The cost of freedom
I suppose we can at least hope that one consequence of the heroic resistance of the Ukrainian people to the monstrous war crimes being committed every minute now against them by the Putin regime will be a grim highlighting of the true nature of the disgusting narcissistic whining of the American right wing about the purported loss of their precious “freedoms.”
This summarizes things concisely:
If somebody had told me in 1985 that we would be depending on the lead singer of Twisted Sister to provide aphoristic political insights to help resist a fascist takeover of the country by Donald Trump, I would have . . . I have no idea what I would have done. Probably stayed drunk for the rest of the decade. Or at least started reading People magazine more carefully.
In any event, there’s nothing like actual sacrifice to throw a bright light on how absurd the claims of anti-vaxxers, anti-maskers, etc. have always been and remain when they mewl that simply being asked to endure a minor inconvenience — to call it a “sacrifice” is an insult to actual sacrifice — is some sort of tyrannical imposition by an “oppressive” government.
This was driven home to me with special force yesterday when, at the same time that I was reading about Ukrainian schoolteachers fashioning Molotov cocktails as anti-tank weapons, I got an email from CU’s central administration, announcing that as of this coming Monday all mask mandates on campus were being rescinded.

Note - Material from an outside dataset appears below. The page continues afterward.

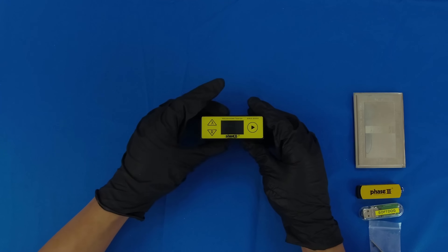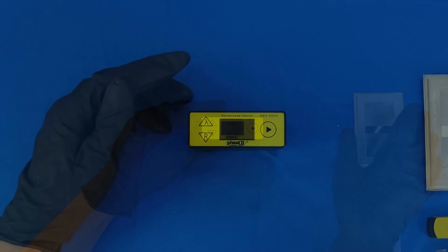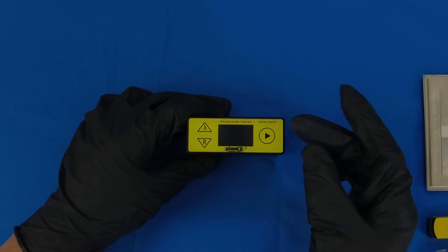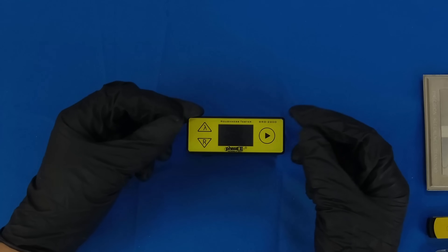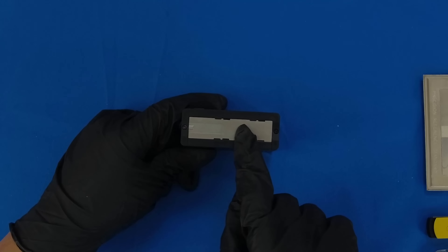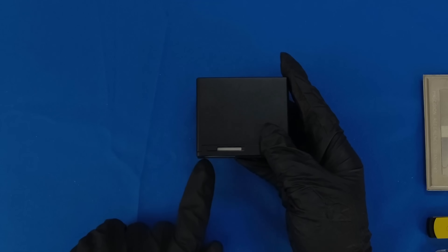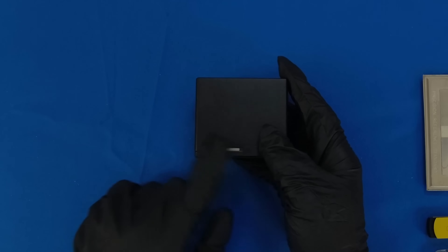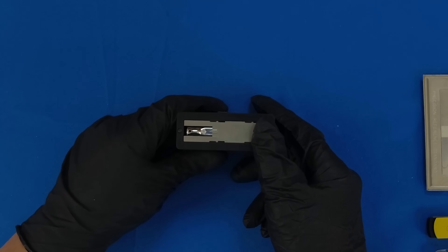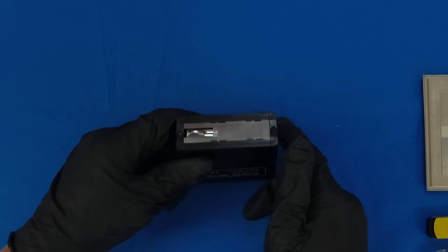Now, let's take a closer look at the actual function of the SRG2200. Zooming in, we can see that we have a display along with all of our controls located at the top. At the bottom is a stylus and a stylus cover. The stylus cover can be removed by sliding this toggle to the rear, which will expose the stylus and allow it to read samples.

Now I don’t actually know to what extent mask mandates even make sense any more, epidemiologically speaking — I should probably ask Richard Epstein — but that announcement, especially juxtaposed to the daily news from Ukraine, emphasized to me how, when it comes to the pandemic, we’ve simply given up as a nation now, and decided that a few hundred thousand more deaths this year is just the Cost of Freedom.
The real cost of freedom is something that the average American, including me of course, basically can’t even imagine.